Schools must be adequately funded so that basic needs are met, without having to tap ‘at-risk’ funds. Budget increases for DCPS and public charter schools in recent years have been arbitrary, and not connected to what it really costs to provide quality education.  Five years have passed since the 2013 Adequacy Study, and yet we still have not reached the level of resources it recommended, once adjusted for inflation– let alone the level needed to keep up with all of our system’s changing needs.  DC Council should allocate enough money in FY 2019 to revise the 2013 Adequacy Study and update our understanding of investments needed to support every school and ensure that we are meeting the needs of low-income students.

Read more about DCFPI’s FY 2019 education budget recommendations here.

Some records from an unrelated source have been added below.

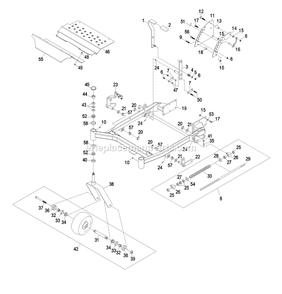 Front Frame Group Diagram and Parts List for LHP19KA465CA (720000-789999)(2008) Exmark Lawn Mower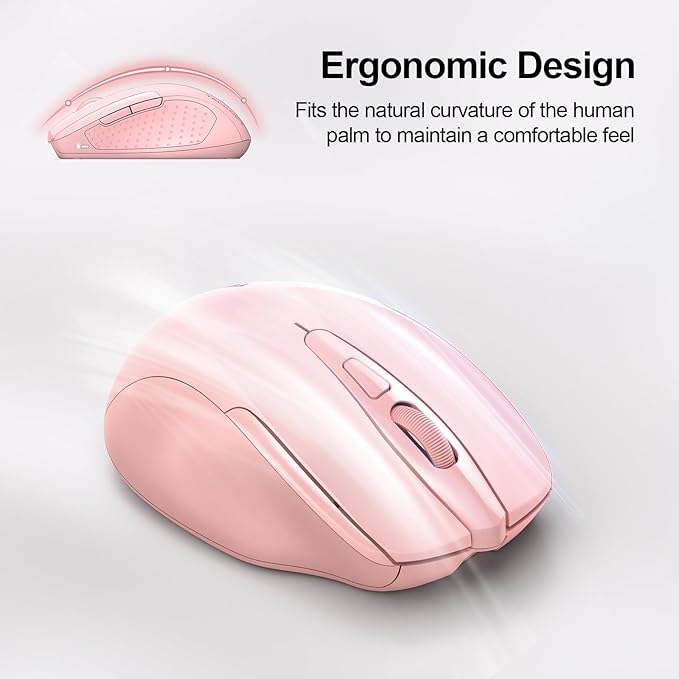 TECKNET Wireless Mouse Rechargeable, 2.4G USB-A Silent Mouse, Quiet Click, 6 Adjustable 4800 DPI, Cordless Computer Mice, Ergonomic Mice for Laptop, 6 Buttons for Chromebook, Ergo Grip - Pink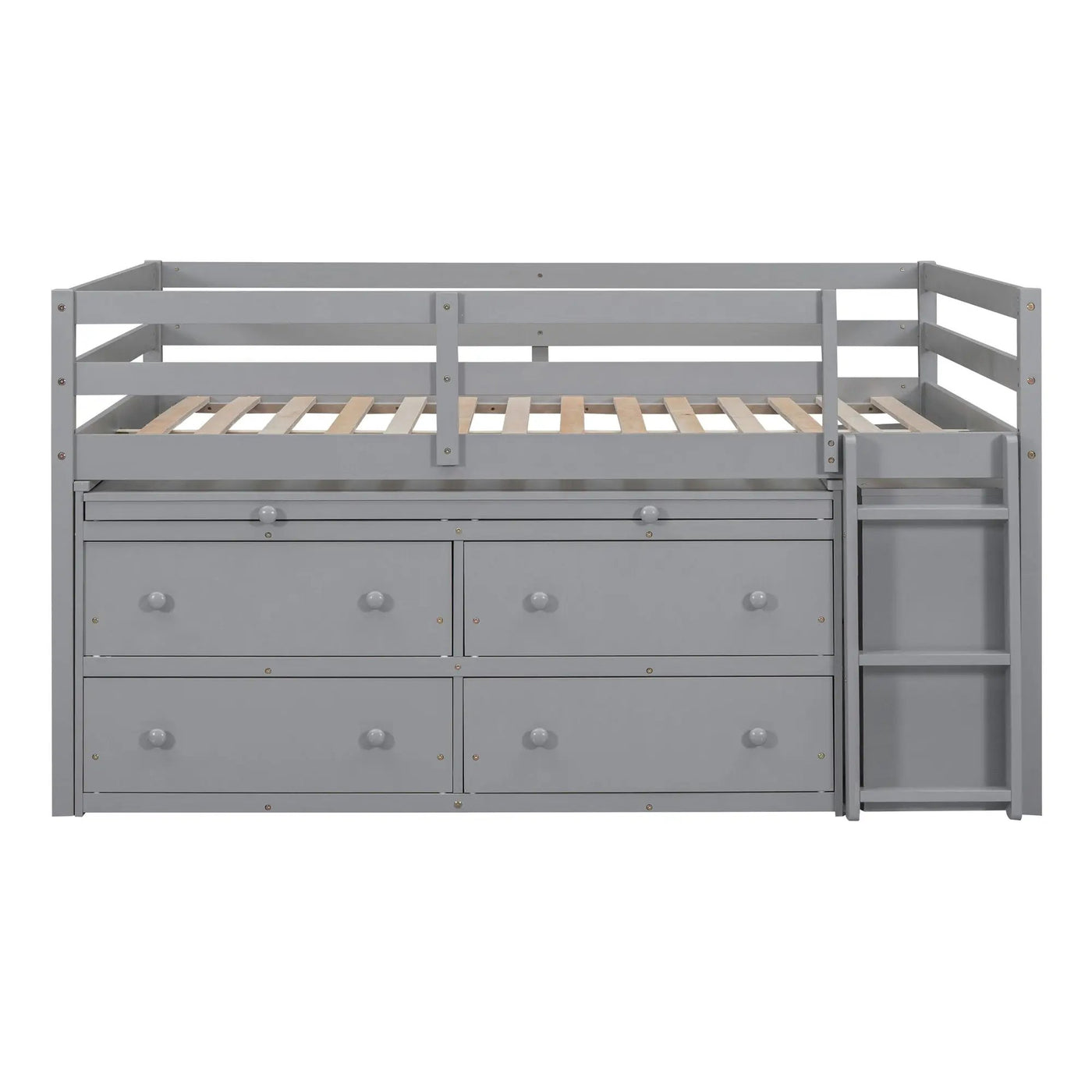 Loft Bed With Retractable Writing Desk And 4 Drawers, With Lateral Portable Desk And Shelves by Unique Piece Furniture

[i] A projected 44,496 students in DC qualify for ‘at-risk’ funding in the 2018-2019 school year because they are a foster care student, experiencing homelessness, overage for their grade, or participate in SNAP or TANF, (DCPS FY 2019 Budget ChapterPCS FY 2019 Budget Chapter) [ii] In the District’s proposed Fiscal Year 2019 budget, there are $103.9 million ‘at-risk’ dollars for both DCPS and public charters overall. [iii] These are scores in English Language Arts, (2016-17 PARCC Scores). [iv] This is actually a conservative estimate. It assumes that ‘at-risk’ funds are being used to support every staff person beyond those positions guaranteed to every school by the Comprehensive Staffing Model, when most schools should also have other pots to draw from, like Title I. [v] DCPS FY19 Initial School Budget Allocations [vi] With a weight of 0.37 as recommended in the 2013 Adequacy Study, qualifying students would have $3,943 in additional ‘at-risk’ funds, or $175.5 million total (based off of a projected ‘at-risk’ subpopulation of 44,496). That is $71.6 million more. If the ‘at-risk weight’ were increased as recommended, and all else remained the same, schools would have $71.6 million more ‘at-risk’ dollars (or $1,609 more per-student) to invest in supplemental services for students overall, than the current $103.9 million total in at-risk funds, (2013 Adequacy Study).